Microsoft opens door to end-to-end AI with Copilot launch, 365 Chat

A Microsoft 365 Chat window, with the Copilot logo at the top of the page and a series of prompt suggestions in the middle. At the bottom of the page, the user has moved their cursor over the text field and typed "What's hot in my inbox right now?". The entire window is set against a gradient of blue to purple to peach.
(Image credit: Microsoft)

Microsoft has announced a raft of new AI features for Windows 11, with firm dates set for the  release of its generative AI assistant Copilot and expanded capabilities for enterprises.

In a flurry of product launch news, the tech giant revealed Microsoft Copilot in Windows, available as a side pane that users can use to intelligently interact with their apps, as well as a series of new features for its AI productivity assistant Microsoft 365 Copilot.

Chief among these was Microsoft 365 Chat, which Microsoft billed its “hero experience” for 365 Copilot. It is through this chat interface, via natural language prompts, that users could derive the most value from customized generative AI outputs.

While 365 Copilot leverages the power of OpenAI’s GPT-4 large language model (LLM) to perform tasks with speed and accuracy, Microsoft has been keen to stress that its real strength lies in its ability to use company metadata to inform outputs via Microsoft Graph.

“You got a glimpse of Microsoft 365 Chat in March, but thanks to rapid advances over the past few months, today we’re taking it to a whole new level,” said Colette Stallbaumer, general manager at Microsoft 365.

“Going far beyond simple questions and answers to solve your most complex problems at work.”

For example, Copilot is also now capable of mimicking a user’s distinct writing voice for emails, using a new feature called “sound like me”. As with many of Copilot’s features, the AI assistant leverages user metadata to securely gather contextual information on their writing.

Microsoft had previously announced plans for developers and independent software vendors (ISVs) to bring plugins for their software to Copilot, and at the launch event announced that these will be accessible via Microsoft Chat.

In a demonstration, Stallbaumer showed Copilot being used to match a manager’s travel itinerary with that of their colleagues, using the prompt “find the travel itinerary that Casey shared in email earlier this week”.

Through a plugin with Amadeus’ travel and expense software Cytric Easy, Copilot was shown to access email and company data to find the right hotel and flight bookings, and give the user the ability to book through a simple pop-up window.

Text that reads "Microsoft 365 Chat Third Party Plugins" over a peach background, with the Microsoft Copilot logo faded out in the background and a 365 Copilot window open on the right of frame in which a user is looking at a Crytric Easy travel reservation.

(Image credit: Microsoft)

Other plugins will let users ask for reminders on unresolved tickets within Atlassian’s issue-tracking software Jira, pull together campaign data in marketing automation platform Adobe Marketo, or summon boards in the visual collaboration platform Mural.

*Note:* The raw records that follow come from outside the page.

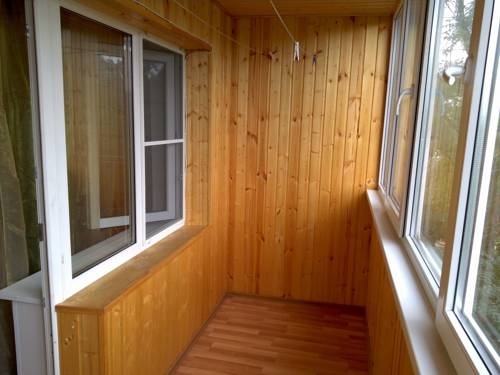 Aparthotel 23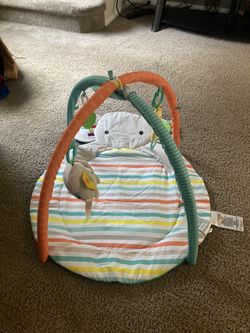 Tummy Time Best Offer
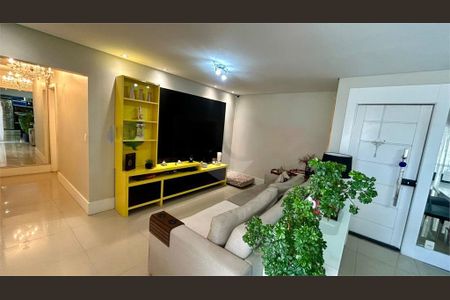 Apartamento à venda com 3 quartos, 131m² em Mooca, São Paulo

Other firms are working on plugins for internal use. For example, Ernst and Young LLP (EY) is aiming to produce a plugin that allows workers to compare the revenues of EY member firms across time using natural language. 

Full integration of Copilot within Windows 11 will come on 26 September, allowing users to summarize pages, draft text, or control system settings using natural language prompts.

Microsoft 365 Copilot, will be made generally available on 1 November, for $30 per user, per month.

Microsoft has encouraged developers to join the Microsoft 365 Developer Technology Adoption Program (TAP), which gives them access to feature roadmaps and product groups.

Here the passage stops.